DUBAI/TOKYO - Investors recoiled from risky assets on Friday and dumped shares in Asian banks and builders, fearing a Dubai debt default could reignite the financial turmoil of the credit crisis.

Stocks in Tokyo and Hong Kong were haunted by suspicion that lenders such as HSBC may be exposed to the Dubai firms that built palm-frond shaped islands in the Gulf and planned cities from Pakistan to Africa.

The emirate, which emerged from dusty obscurity to became a trading and tourism hub with global ambitions, said on Wednesday it would ask creditors of state-owned Dubai World and Nakheel to agree to a standstill on billions of dollars of debt as a first step toward restructuring.

Dubai World, the conglomerate that led the emirate’s expansion, had $59 billion of liabilities as of August, a large proportion of Dubai’s total debt of $80 billion. Nakheel was the builder of three palm shaped islands off Dubai.

The news shook the markets that were recovering from the collapse of the U.S. housing market and contagion that threatened to rupture the global financial system last year.

“The panic button’s been hit again,” said Francis Lun, general manager of Fulbright Securities.

Analysts expect financial support from Abu Dhabi, like Dubai a member of the United Arab Emirates and home to most of the country’s oil. But Dubai might have to abandon an economic model that focused on heavy real estate investment and inflows of foreign money and labor.

BANKS

Shares in HSBC Holdings dropped more than 5 percent and Standard Chartered fell 10 percent.
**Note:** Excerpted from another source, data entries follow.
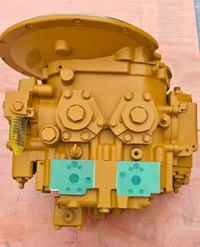 مضخة هيدروليك • كاتربلر • 272-6957/272-6959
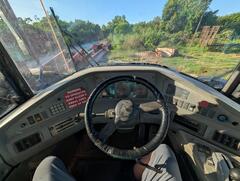 2005 VOLVO A25D - Image 18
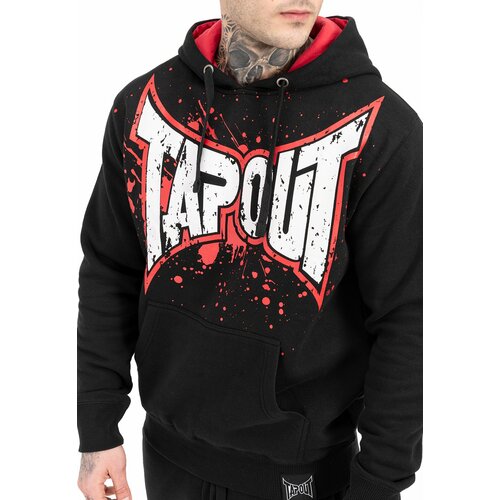 Tapout Men's hooded sweatshirt regular fit Cene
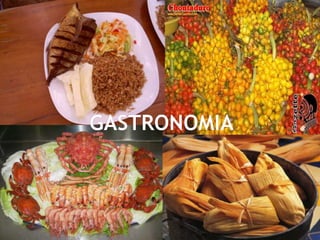  Temperatura: 0°  hasta 25° C.TOPOGRAFIA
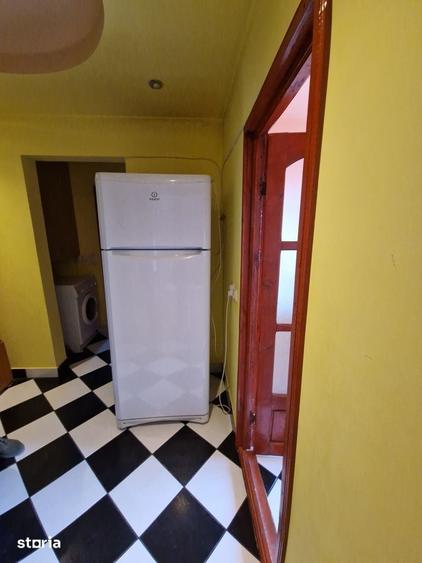 Apartament 2 camere Piata Alexandru cel Bun - 5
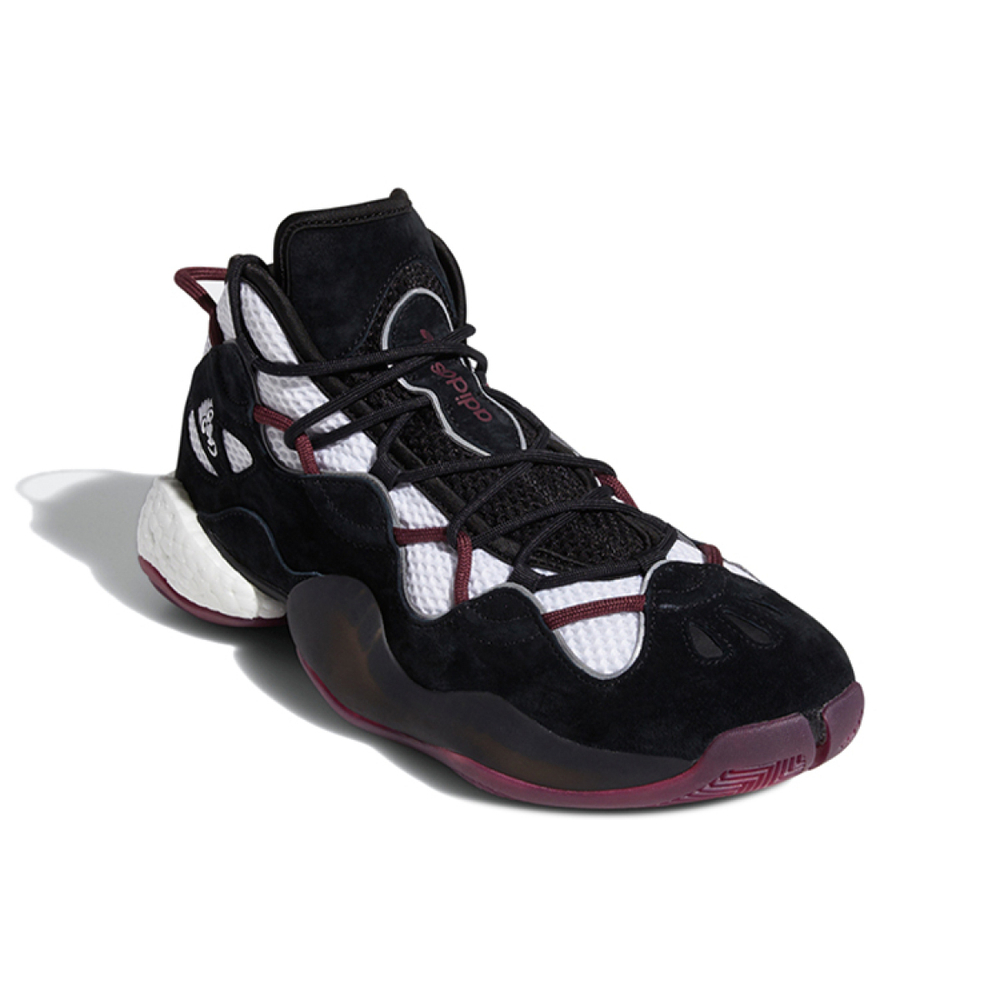 Adidas originals Crazy BYW 3.0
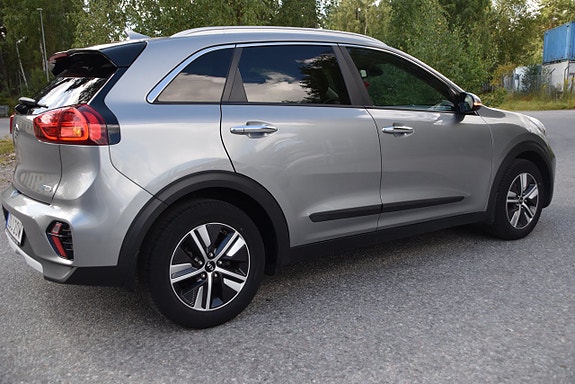 Kia Niro 5 of 24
The London listed shares of the two lenders led the biggest tumble in European bank stocks in six months on Thursday.

“If this eventually becomes an issue that affects the banks, once again it will put in doubt their capacity to start lending, which is a key factor in all the strategies to reactivate economies,” said Carlos Ponce, head of equity strategy at brokerage IXE in Mexico City.

Exposure to Dubai World could be as high as $12 billion in syndicated and bilateral loans, including existing loans for Nakheel and Istithmar, an investment arm of Dubai’s government, banking sources told Thomson Reuters LPC.

The Dubai crisis could have a “meaningful impact” on banks across Asia, said Daniel Tabbush, Asia banks analyst at CLSA in Bangkok, listing Standard Chartered, HSBC and Singapore’s DBS Group as the most exposed in the region.

DBS shares were not traded due to a market holiday in Singapore.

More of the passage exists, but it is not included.